# What are your top five compositions by Dvořák?



## Chibi Ubu (11 mo ago)

I have limited experience with Dvořák. Only two of his symphonies (5th & 9th) are in my classical collection. This community knows what is worthy & I'd like your responses. TIA! :tiphat:


----------



## Art Rock (Nov 28, 2009)

Symphonies 8 and 9
Violin concerto
String quartet 12 'American'
Piano Trio 4 'Dumky'


----------



## wkasimer (Jun 5, 2017)

Cello Concerto
Stabat Mater
Symphony No. 9
Piano Quintet Op. 81
String Quintet Op. 97


----------



## Highwayman (Jul 16, 2018)

Piano Quintet no. 2
String Quintet no. 3 "American"
Piano Trio no. 4 "Dumky"
Cello Concerto
Symphony no. 8


----------



## Barbebleu (May 17, 2015)

Everything! I couldn’t possibly stop at five.


----------



## Kreisler jr (Apr 21, 2021)

String quartets opp. 105, 106
Piano quintet op.81
cello concerto
symphony #7


----------



## hammeredklavier (Feb 18, 2018)

Barbebleu said:


> Everything! I couldn't possibly stop at five.
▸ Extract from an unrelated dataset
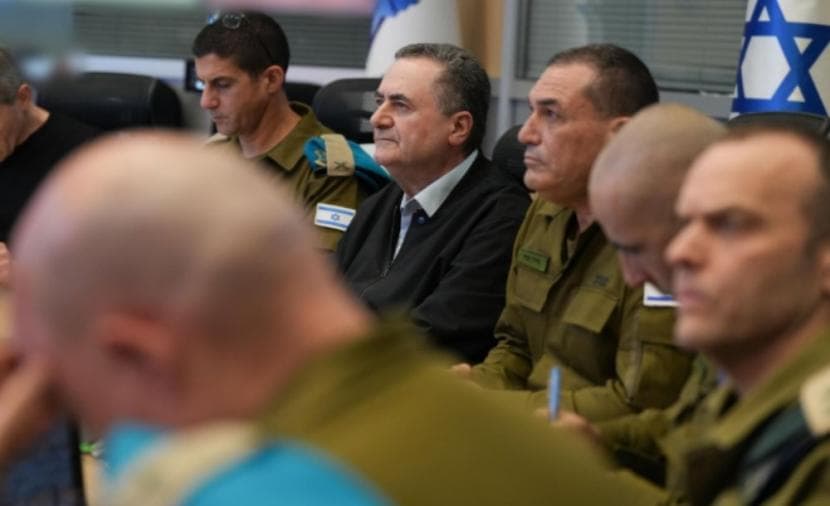 Cats directs army to seize new West Bank camp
O RLY? Even stuff like the hour-long, 3rd string quartet?


----------



## ORigel (May 7, 2020)

Since you've already listened to Symphony no. 9:
Symphonies nos. 7 & 8
String Quartets nos. 12 & 13
Cello Concerto


----------



## ORigel (May 7, 2020)

I am also fond of a tone poem, The Water Goblin, the Hussite Overture, and the oratorio St. Ludmilla.


----------



## Bulldog (Nov 21, 2013)

Piano Quintet, op. 81
String Quintet, op. 97
Rusalka
Requiem
Cello Concerto


----------



## mbhaub (Dec 2, 2016)

1. Symphony 9
2. Symphony 8
3. Wind Serenade
4. Cello Concerto
5. Slavonic Dances


----------



## Brahmsian Colors (Sep 16, 2016)

Symphony no. 8
Symphony no. 7
Cello Concerto in B minor
Serenade For Strings
Slavonic Dances, opus 46


----------



## HerbertNorman (Jan 9, 2020)

Symphonies 8 and 9
Serenade for strings
String quartet 12 'American'
Piano Trio 4 'Dumky'


----------



## cougarjuno (Jul 1, 2012)

String Quartet no. 9 in D minor, op. 34
Symphony 9
Serenade for Strings
Violin Concerto
Stabat Mater


----------



## Heck148 (Oct 27, 2016)

Serenade for Winds
Carnival Overture
Sym #6
Sym #9
Sym #8


----------



## Olias (Nov 18, 2010)

Here is my Dvorak blog:

https://dvorakshack.blogspot.com

My top 5 Dvorak works:

Cello Concerto
Symphony 8 or 9
String Quartet 12
Slavonic Dances
Violin Concerto


----------



## Terrapin (Apr 15, 2011)

1. Symphony No. 9, Cello Concerto (tie)
3. Piano Trio No. 4
4. String Quartet No. 12, Piano Quintet Op 81, String Quintet Op 97, Symphony No. 8 (tie)


----------



## SixFootScowl (Oct 17, 2011)

Haven't really explored Dvorak, but I do have and like his opera, Dimitrij.


----------



## DaveM (Jun 29, 2015)

Piano Concerto
Violin Concerto
Cello concerto
Symphony 8
Symphony 9

Can't believe the Piano Concerto was not already mentioned! It is an above average work and the Andante has a beautiful opening melody first introduced by the horns and then followed by the piano. Firkusny championed this work in the 60s and 70s and this is the LP recording I bought. Luckily, it became available on CD.


----------



## Strange Magic (Sep 14, 2015)

American Quartet
Violin Concerto
Cello Concerto
Symphonic Variations
Symphony N0.7


----------



## Chibi Ubu (11 mo ago)

Barbebleu said:


> Everything! I couldn't possibly stop at five.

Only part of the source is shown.